Ha. No. Even I can’t keep that conceit up for much more than a dozen words or so. I don’t want to write about the 1977 TV series “1990”. Not least because so much of Greatorex’s work makes me bilious. Although looking at the 1990 that was, rather than a dystopia fantasised about by a writer I don’t really like, is not much cheerier, at least in Doctor Who terms.
But that is where we are in The Long Way Round section of this newsletter, in which I in theory write about every old money Doctor Who story in the order in which I saw them. In 1990, for the first time, this involves no new stories, only new-to-me stories. Because 1990 was the year that never was. The first year since 1962 in which no new Doctor Who was transmitted on British television. We sort of knew that going in. The scabrous fanzine dwb had run “Confirmed no Doctor Who in 1990” on the cover of their November 1989 issue and while dwb was often wrong, here their logic was sound, and even a teenager with a shaky, nascent grasp of the television production of the period could understand that they needed to start making the series in March at the latest if it was going to be back on TV before next Christmas.
But knowledge is not experience or understanding, and the feeling, the hope, was that 1990 would be a kind of gap year. One in which we’d find out what happened next, not the first of 14 such years, split nearly evenly into runs of six and eight. “It's not the despair... I can take the despair. It's the hope I can't stand.” says John Cleese in Clockwise, a film made in 1986 and first shown on the BBC on Christmas Day 1989. He wasn’t talking about being a Doctor Who fan. But he might as well have been.
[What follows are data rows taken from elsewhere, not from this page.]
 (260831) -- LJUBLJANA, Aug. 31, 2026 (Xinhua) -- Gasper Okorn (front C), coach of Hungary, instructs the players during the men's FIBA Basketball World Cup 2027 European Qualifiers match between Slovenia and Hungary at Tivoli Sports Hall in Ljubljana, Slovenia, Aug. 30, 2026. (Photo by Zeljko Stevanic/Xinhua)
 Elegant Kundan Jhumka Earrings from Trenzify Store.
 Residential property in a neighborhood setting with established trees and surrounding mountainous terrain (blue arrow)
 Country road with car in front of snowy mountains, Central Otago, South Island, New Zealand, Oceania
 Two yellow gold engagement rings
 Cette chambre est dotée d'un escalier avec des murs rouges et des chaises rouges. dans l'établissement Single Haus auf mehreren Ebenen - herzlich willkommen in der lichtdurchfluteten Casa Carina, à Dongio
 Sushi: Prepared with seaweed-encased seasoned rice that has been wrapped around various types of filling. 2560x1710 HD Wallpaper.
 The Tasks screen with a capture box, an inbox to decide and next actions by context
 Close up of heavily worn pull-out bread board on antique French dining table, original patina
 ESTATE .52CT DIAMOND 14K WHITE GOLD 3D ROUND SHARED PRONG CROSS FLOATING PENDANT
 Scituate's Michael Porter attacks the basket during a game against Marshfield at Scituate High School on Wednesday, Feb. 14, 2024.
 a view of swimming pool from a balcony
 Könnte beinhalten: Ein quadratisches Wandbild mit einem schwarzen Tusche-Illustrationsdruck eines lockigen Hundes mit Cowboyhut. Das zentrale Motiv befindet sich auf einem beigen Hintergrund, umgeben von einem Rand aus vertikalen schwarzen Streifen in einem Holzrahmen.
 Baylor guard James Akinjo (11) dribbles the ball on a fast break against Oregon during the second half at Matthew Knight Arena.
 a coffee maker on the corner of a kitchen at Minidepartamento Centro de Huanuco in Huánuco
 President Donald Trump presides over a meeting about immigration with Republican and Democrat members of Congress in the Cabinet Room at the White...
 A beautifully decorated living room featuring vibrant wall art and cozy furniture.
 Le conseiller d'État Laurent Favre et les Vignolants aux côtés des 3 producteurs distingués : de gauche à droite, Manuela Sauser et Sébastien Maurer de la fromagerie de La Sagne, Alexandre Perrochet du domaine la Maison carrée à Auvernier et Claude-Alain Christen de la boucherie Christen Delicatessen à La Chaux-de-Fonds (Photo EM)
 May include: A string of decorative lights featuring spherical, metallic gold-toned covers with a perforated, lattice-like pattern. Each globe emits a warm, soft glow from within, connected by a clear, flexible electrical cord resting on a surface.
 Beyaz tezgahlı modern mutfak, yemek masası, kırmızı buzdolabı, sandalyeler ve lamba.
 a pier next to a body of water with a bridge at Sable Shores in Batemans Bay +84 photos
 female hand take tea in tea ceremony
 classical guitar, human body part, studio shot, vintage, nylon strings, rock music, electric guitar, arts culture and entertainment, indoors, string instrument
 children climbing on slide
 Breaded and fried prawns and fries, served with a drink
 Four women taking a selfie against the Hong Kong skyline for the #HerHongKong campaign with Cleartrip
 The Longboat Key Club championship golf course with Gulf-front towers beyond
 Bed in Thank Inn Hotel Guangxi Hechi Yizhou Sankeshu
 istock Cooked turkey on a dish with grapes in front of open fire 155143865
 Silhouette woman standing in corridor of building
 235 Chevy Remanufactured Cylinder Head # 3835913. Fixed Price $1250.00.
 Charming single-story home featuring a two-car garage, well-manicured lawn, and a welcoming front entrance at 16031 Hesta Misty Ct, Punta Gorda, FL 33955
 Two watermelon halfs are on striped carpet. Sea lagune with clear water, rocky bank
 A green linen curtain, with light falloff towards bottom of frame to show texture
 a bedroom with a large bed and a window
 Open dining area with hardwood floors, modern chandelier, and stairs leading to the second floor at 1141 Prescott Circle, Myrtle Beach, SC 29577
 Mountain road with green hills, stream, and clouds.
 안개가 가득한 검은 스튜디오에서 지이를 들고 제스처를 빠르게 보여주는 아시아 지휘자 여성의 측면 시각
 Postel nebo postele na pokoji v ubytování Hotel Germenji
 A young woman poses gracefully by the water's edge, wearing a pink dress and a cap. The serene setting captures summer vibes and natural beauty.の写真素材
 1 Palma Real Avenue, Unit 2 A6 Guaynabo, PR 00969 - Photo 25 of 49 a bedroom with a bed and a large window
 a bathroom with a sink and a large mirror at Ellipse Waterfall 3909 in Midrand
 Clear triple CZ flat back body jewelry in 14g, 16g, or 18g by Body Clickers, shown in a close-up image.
Yes, in 1990 the BBC Videos were dramatically upping their release rate to compensate for the absence of a show. Giving us access to old stories we’d dreamt of seeing but never imagined we actually would. But then, as now, merchandise (and narrative merchandise is still merchandise, no matter how brilliant it is artistically) isn’t really a substitute for a new and ongoing television series. A television series is innately out in the world in the way that the Doctor Who Magazine comic strip and VHSes of black and white stories just aren’t.
There were Target Books books, of course. But they were petering out too. The New Adventures were just a twinkle in Peter Darvill-Evans’ eye. And again, merchandise. Not the sort of thing anyone might just turn the TV on and see. The sort of thing you’d need to actively seek out and then cash out for. As the year dragged on we had to face up to an alarming possibility never quite considered by fandom. That Doctor Who might have already come to an end. That then was as inconceivable as Coronation Street or EastEnders ending is now. As inconceivable as Crossroads ending had been a couple of years before. But like the last of those three, it had already happened.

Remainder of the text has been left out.